Un jeton numérique, ou token, est un fichier numérique déterminant le nombre d’exemplaires ou de fragments d’exemplaires possédés.

Au même titre que de la fausse monnaie, « la double dépense » peut entraîner des conséquences sur l’économie et défier la confiance des utilisateurs. Or, les techniques cryptographiques permettent de diminuer ou d’empêcher ce problème tout en conservant l’anonymat des transactions (Choan, 2017).

Ainsi, le cypherpunk et développeur de cryptomonnaies Adam Back crée en 1997 le hashcash, un algorithme ayant pour but la validation des transactions par hash cryptography, que l’on peut traduire par « preuve de travail » (voir p. 22). La preuve de travail permet d’éviter l’interaction avec un « tiers de confiance » physique via la modélisation d’un système distribué de confiance.

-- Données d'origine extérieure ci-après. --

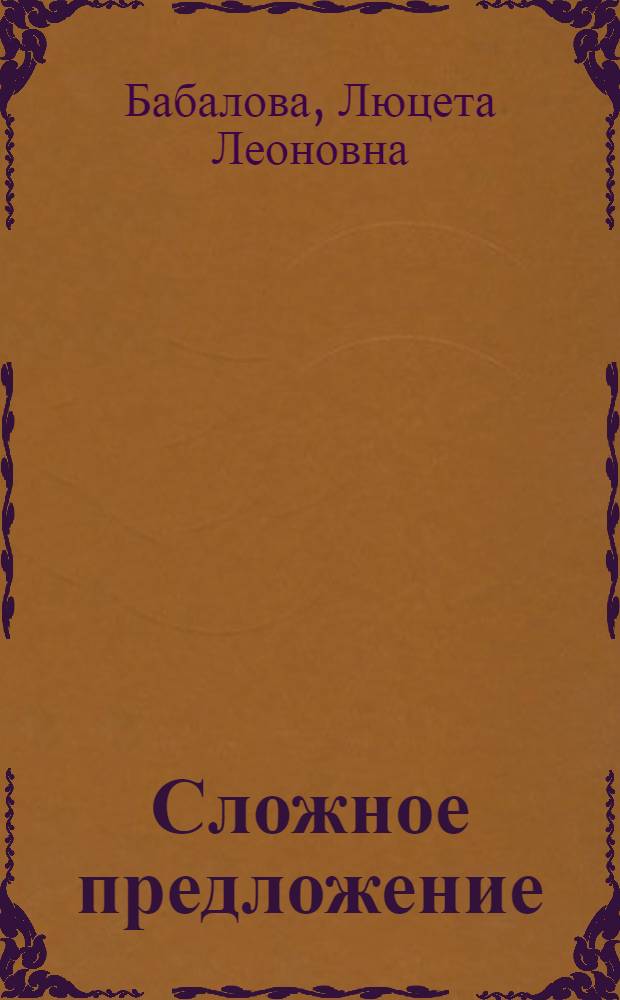 Сложное предложение : Сб. упражнений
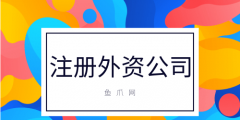 注冊(cè)外資企業(yè)流程（注冊(cè)外資公司需要多久）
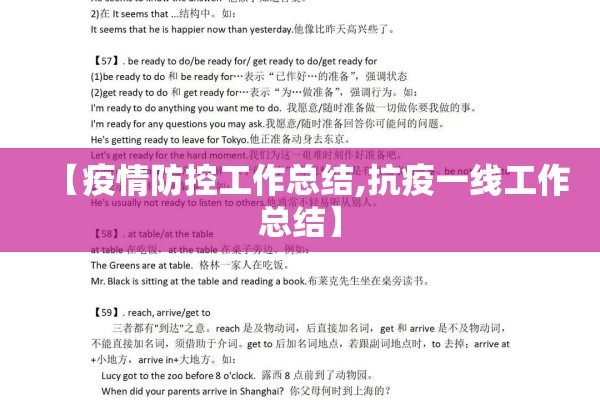 【疫情防控工作总结,抗疫一线工作总结】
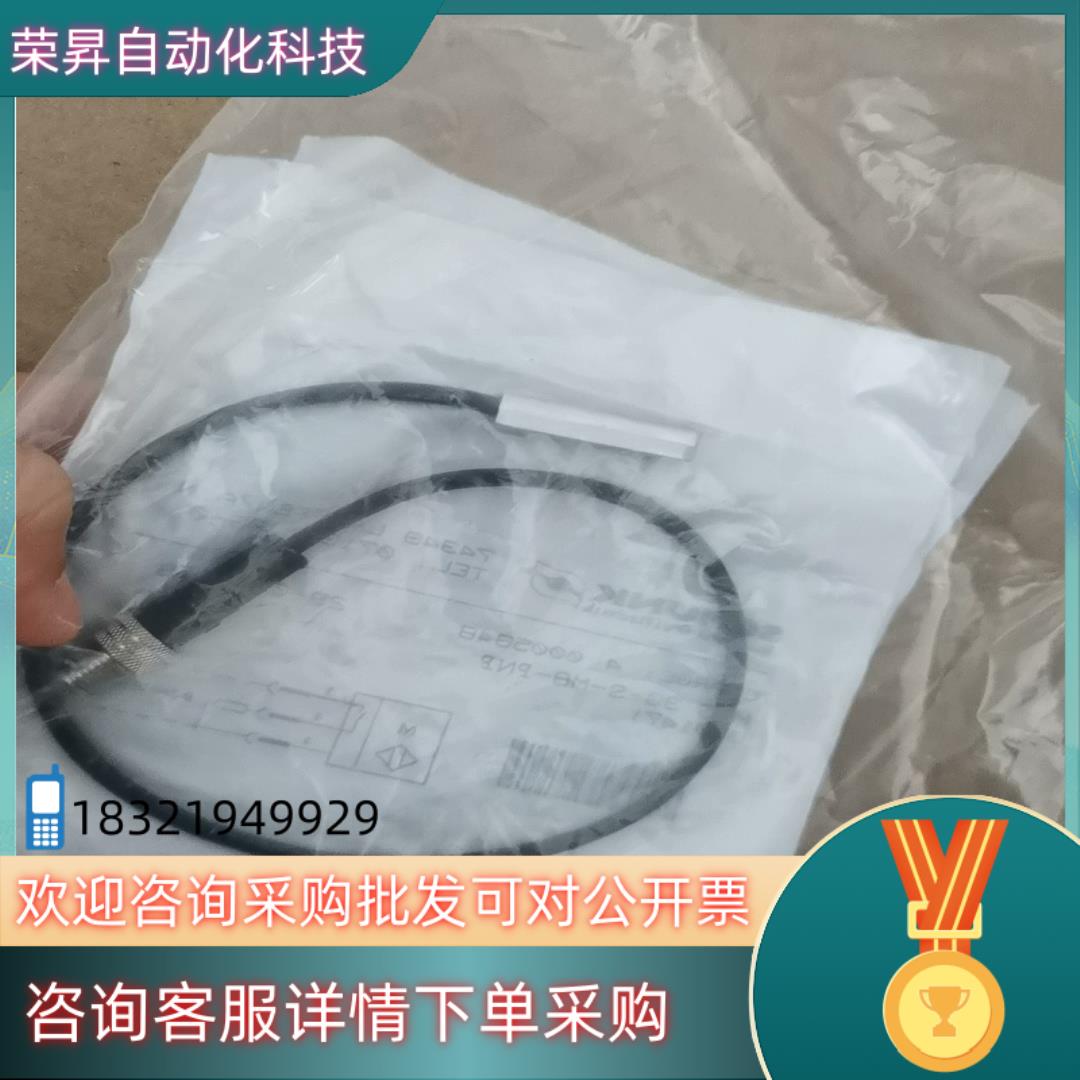 现货SCHUNK雄克MMS 30-S-M8-PNP接近开关传感器 - 图0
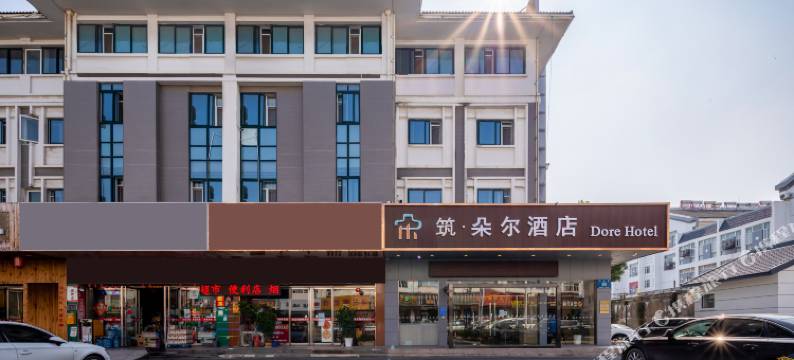 筑朵尔酒店(扬州瘦西湖江阳创业园店)图片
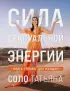 Сила сексуальной энергии. Книга-тренинг для женщин Сила сексуальной энергии. Книга-тренинг для женщин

La blockchain et le problème des généraux byzantins

Le problème mathématique dit « des généraux byzantins » a fait couler beaucoup d’encre parmi les chercheurs depuis le début des années 19802. Il renvoie à la difficulté de communiquer d’une seule voix, sans autorité centrale régulatrice infailliblement fiable, et en toute confiance. C’est la question qui se pose dans le cadre des transactions, échanges numériques en réseaux P2P.
La parabole de l’assaut d’une cité par une armée est à cet égard significative : comment établir un plan commun pour gagner la bataille alors que certains généraux peuvent être des traîtres ? La solution : le consensus, qui exige qu’au moins deux tiers des généraux soient fidèles.
En matière informatique, Satoshi Nakamoto a renforcé la robustesse des premiers algorithmes utilisés pour répondre à ce problème des généraux byzantins, grâce à la preuve de travail. Dans ce système, les participants qui valident les échanges par des calculs (les mineurs), en compétition les uns avec les autres, sont récompensés de leur tâche par des bitcoins. C’est en effet la chaîne la plus longue, celle qui a demandé le plus d’énergie, qui est finalement approuvée. Satoshi Nakamoto introduit un autre apport essentiel : il suffit désormais que la moitié des « généraux » soit loyale.
Source : Lars, L. (2019, 3 septembre). Le problème des généraux byzantins. Viresinnumeris.fr.

1 Registre centralisé, le P2P est inventé en 1999 sur la base d’une technologie créée par l’informaticien Shawn Fanning et utilisée initialement dans

2 Ce problème est notamment exposé dans le texte suivant : Lamport, L., Shostak, R., & Pease, M. (1982). The Byzantine Generals Problem. ACM tra

1 Registre centralisé, le P2P est inventé en 1999 sur la base d’une technologie créée par l’informaticien Shawn Fanning et utilisée initialement dans son logiciel Napster. Ce dernier est dédié au partage de fichiers audio. L’un des protocoles P2P les plus utilisés dans la technologie de la blockchain est l’InterPlanetary File System (IPFS) ou « système de fichier interplanétaire ».

2 Ce problème est notamment exposé dans le texte suivant : Lamport, L., Shostak, R., & Pease, M. (1982). The Byzantine Generals Problem. ACM transactions on programming languages and systems, 4(3).